Education strategy
The Ministry of Education last week held a series of public meetings to unveil its strategy for the future of public education.
That's good, because a plan for raising standards and restoring confidence in public schools is needed. To succeed, it has to involve administrators, teachers, parents and members of the community such as employers and the leaders of organisations dedicated to helping children.
So far, it seems to be off to a bumpy start, with teachers not taking part because they do not have a new agreement. That is wrong of the teachers; if they care about the system they work in, they should be involved in this process, which is separate from a new contract.
Without a commitment from everyone involved in education, this plan will fail.

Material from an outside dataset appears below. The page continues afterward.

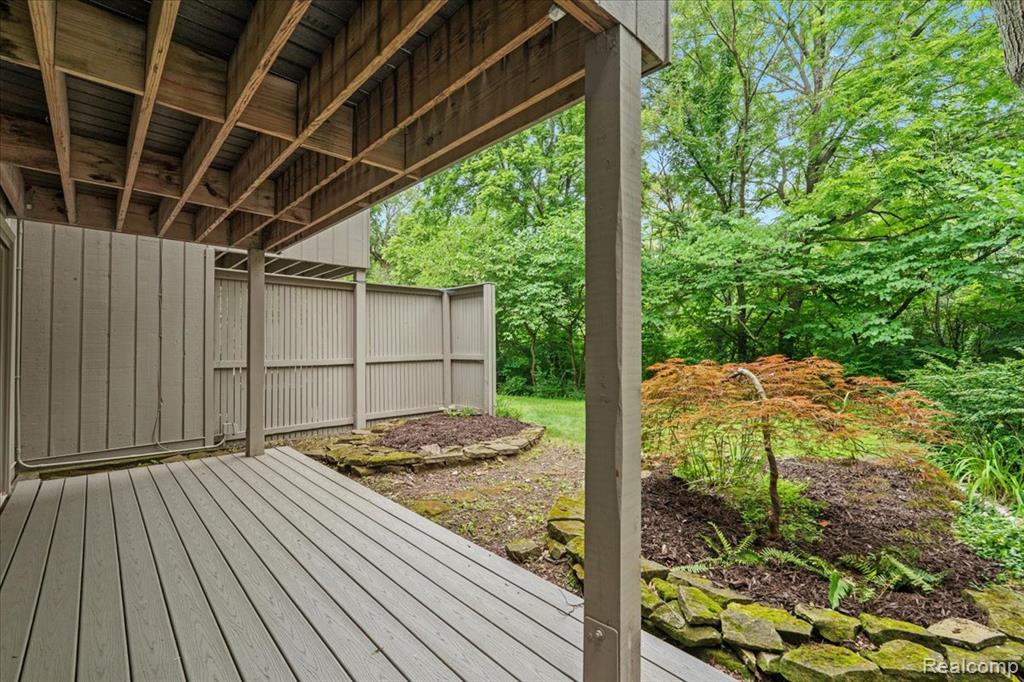 2208 Applewood Court, Ann Arbor, MI 48103 — Photo 31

At the meetings last week, it would appear that nuts and bolts issues predominated. One parent raised the problem of children not being able to take home textbooks because there are not enough to go around.
Similarly, the recent establishment of the alternative school is a good example of the failure of the public system. The alternative school itself has received wide support; but the actual setting up of the school was poorly done. Parents and children were only informed at the last minute of where they were going, uniforms weren't ready and so on.

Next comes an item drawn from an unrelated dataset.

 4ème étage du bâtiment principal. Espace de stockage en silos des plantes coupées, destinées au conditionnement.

A good place for any strategy to begin would be within the Department of Education itself, once memorably described as "the Kremlin" by the late David Critchley. The Department's inability to successfully get the alternative school up and running is indicative of the problem, as a is a "meeting" culture rather than a "decision culture".

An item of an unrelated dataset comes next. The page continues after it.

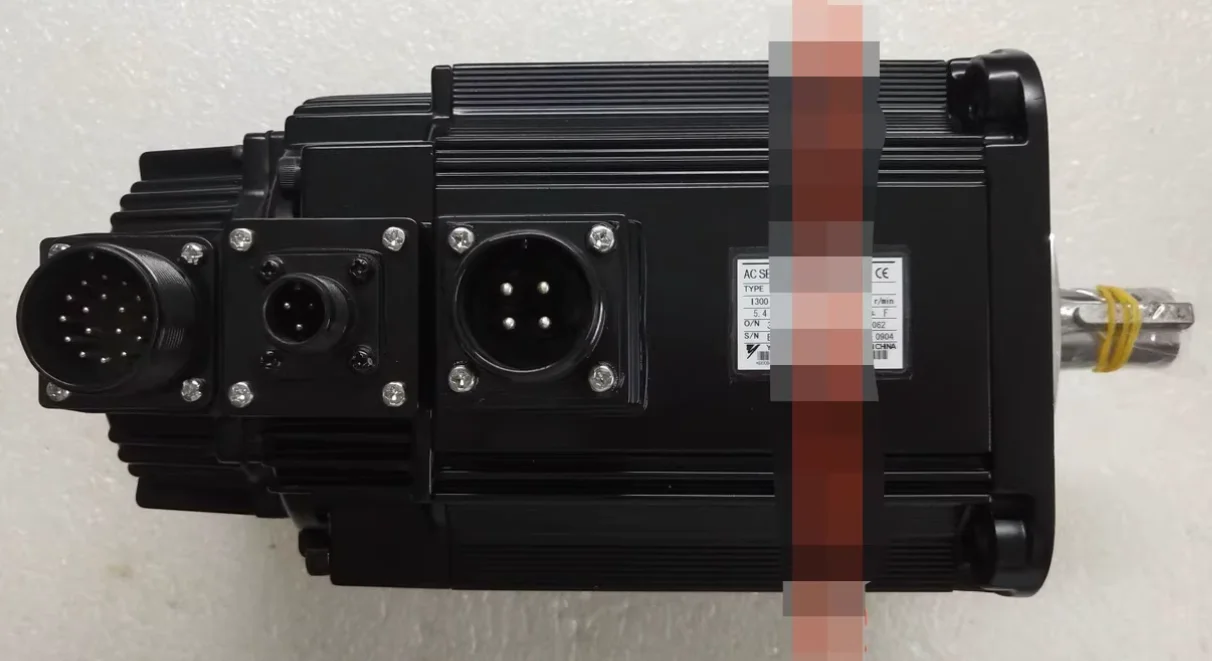 Original Genuine，SGMGH-13DCA6E-OY Brand new Servo motor，SGMGH 13DCA6E OY，Fast shipping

What is not needed is a wholesale change in the current system. Many of the changes of recent years need to be more firmly rooted, not replaced with the latest great idea. Smaller classes and the alternative schools are both good changes which were needed to refine the current system.
Areas the strategy should look at are how to decentralise the system further, giving principals the power to administer their schools as best they can, and how to reduce administrative costs so that students can do things as simple as take their text books home so they can do their homework. Getting the basics right, whether it is having sufficient textbooks, or ensuring that students have a basic grasp of English and maths, may be the most important thing for Bermuda education now.